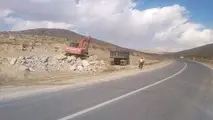 نگاه ویژه راهداران شهرستان کیار به محور دستگرد به سمت گردنه کت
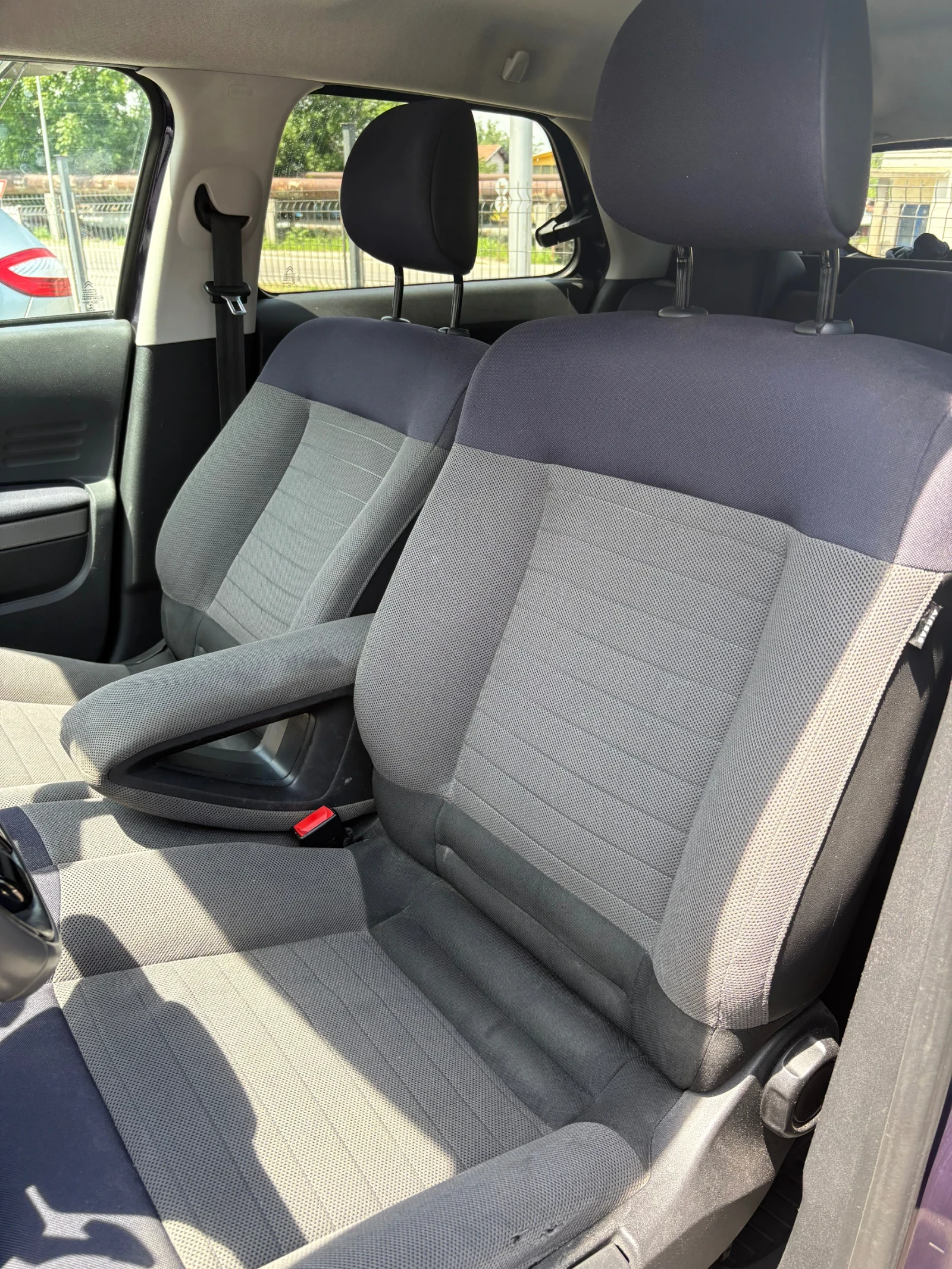 Citroen C4 Cactus, снимка 9 - Автомобили и джипове - 56481279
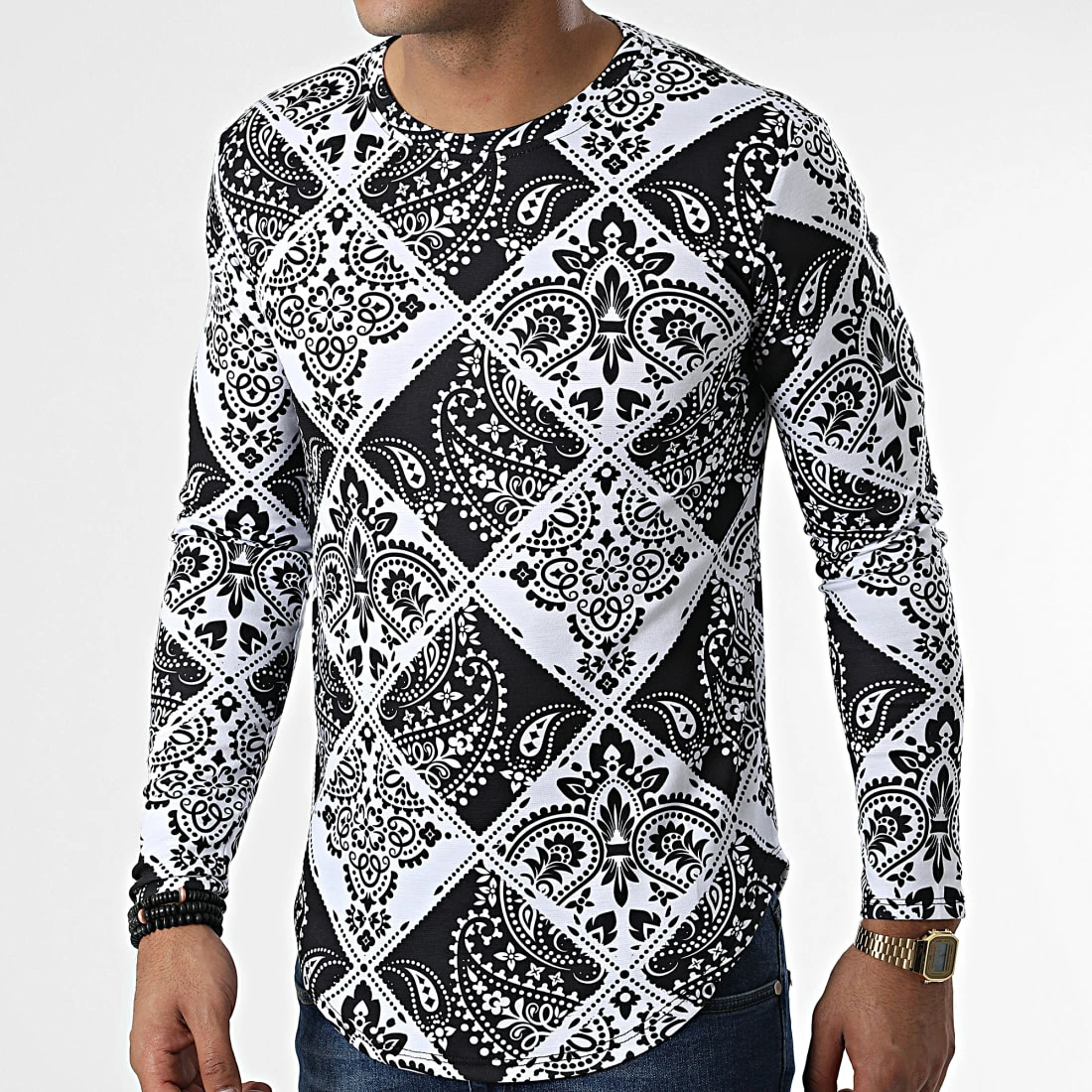 Promo 🌟 Tee 👕 Shirt Manches Longues Oversize C2124 Blanc Noir de Frilivin 🤩 3 Promo 🌟 Tee 👕 Shirt Manches Longues Oversize C2124 Blanc Noir de Frilivin 🤩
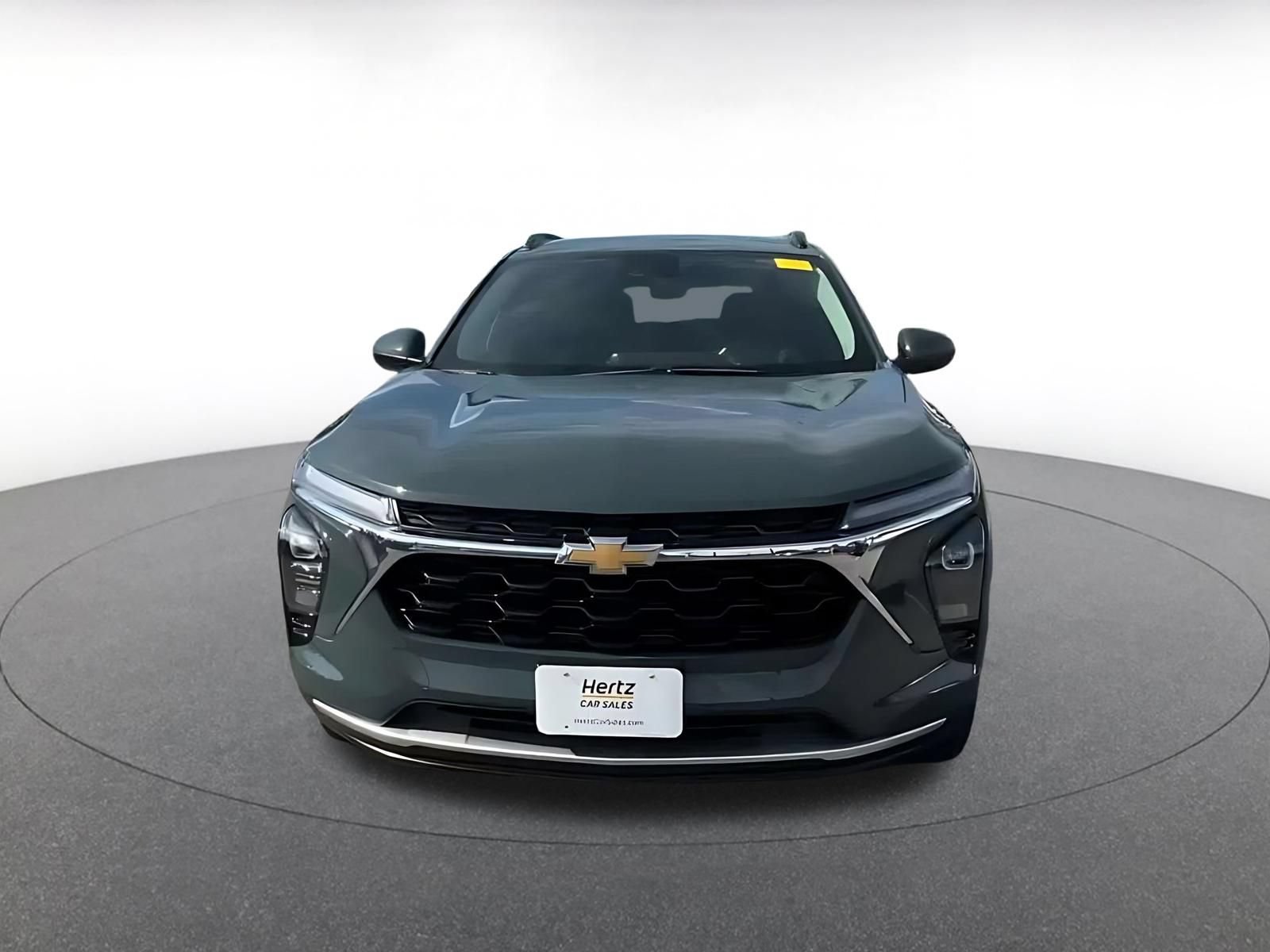 Used 2025 Chevrolet Trax LT w/ LT Convenience Package FWD image 4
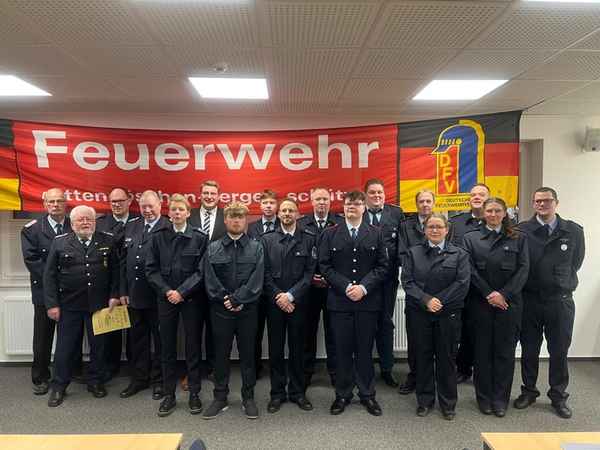 FFW Schiffdorf: Neue Technik und Beförderung - Jahreshauptversammlung Ortsfeuerwehr Schiffdorf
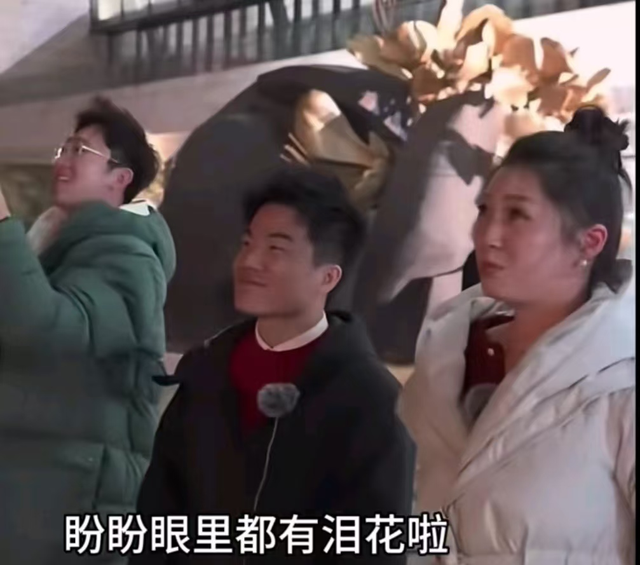 美爆！与辉同行盼盼个人宣传片，美貌与智慧并存的吃货，人见人爱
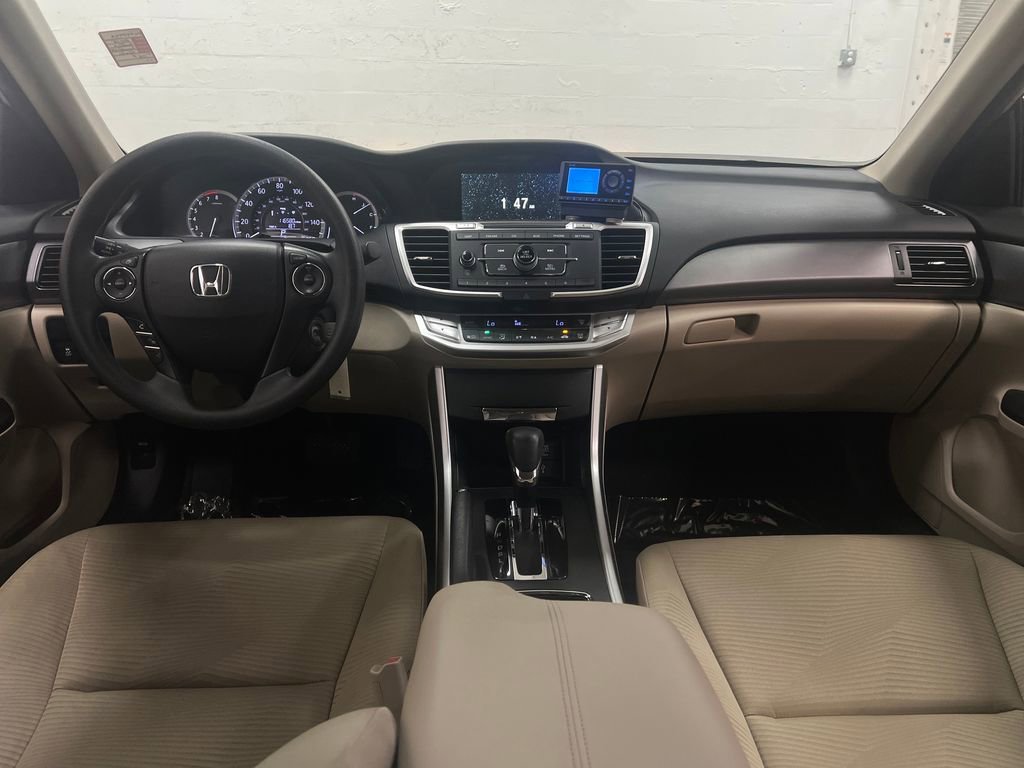 Used 2015 Honda Accord LX image 14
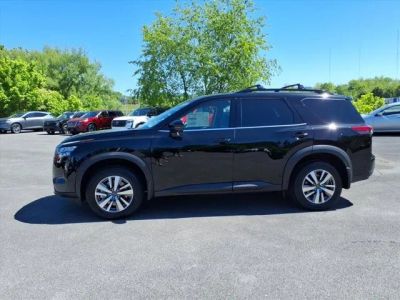 2026 Nissan Pathfinder — side profile view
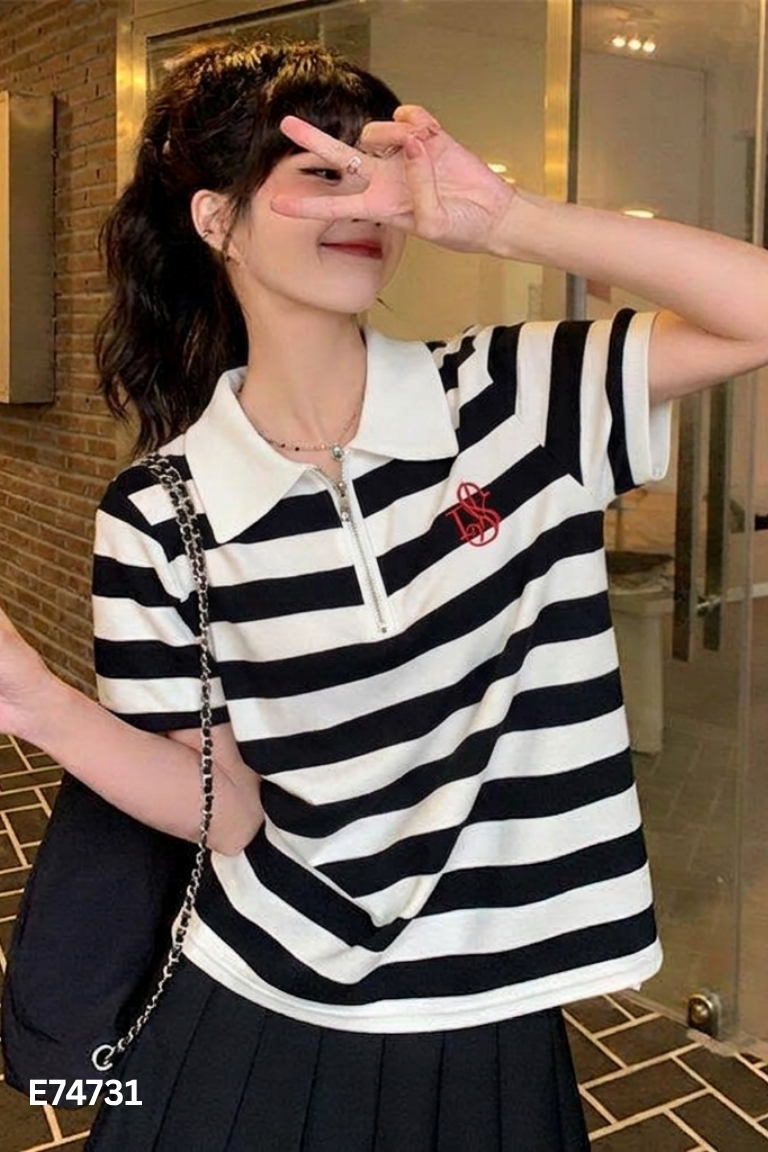 Áo polo len trắng kẻ đen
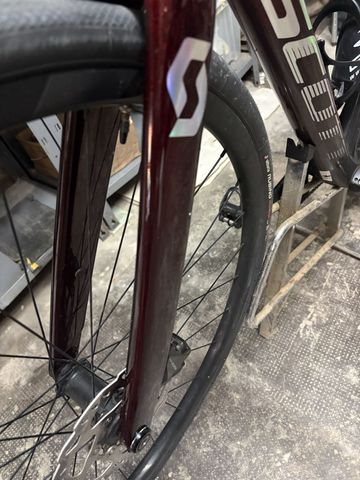 Used Scott Addict 30 2023 2023 Road & Gravel, Black — image 10 of 13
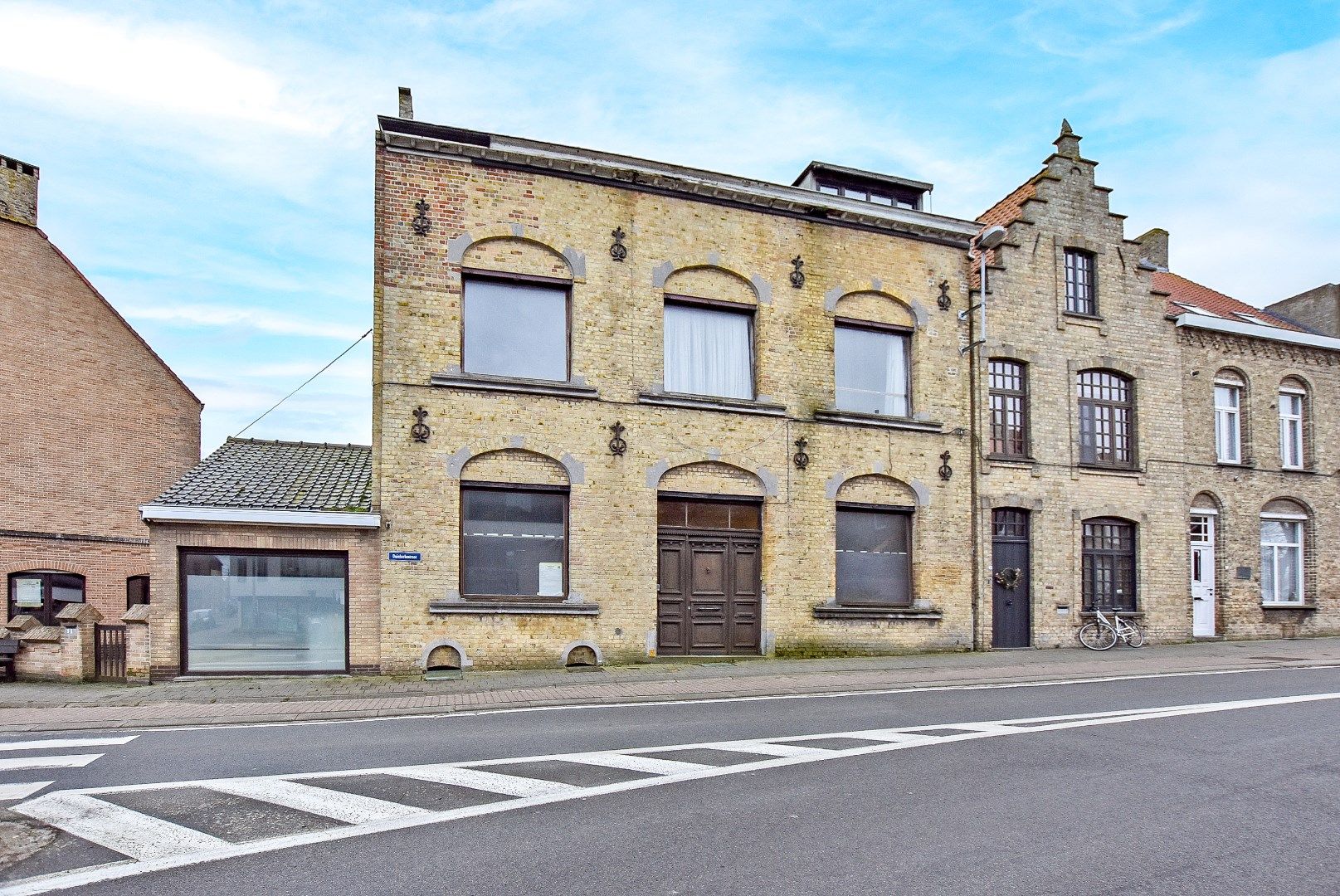 2 naastliggende woningen te koop hartje Veurne! foto 5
▬▬▬▬▬▬▬▬▬▬
Nothing but the lines from the line holding "Áo polo len trắng kẻ đen" through the last line of the entries above is to be reproduced, exactly and without pictures.

• [Answer for this exercise]:
 Áo polo len trắng kẻ đen
 Used Scott Addict 30 2023 2023 Road & Gravel, Black — image 10 of 13
 2 naastliggende woningen te koop hartje Veurne! foto 5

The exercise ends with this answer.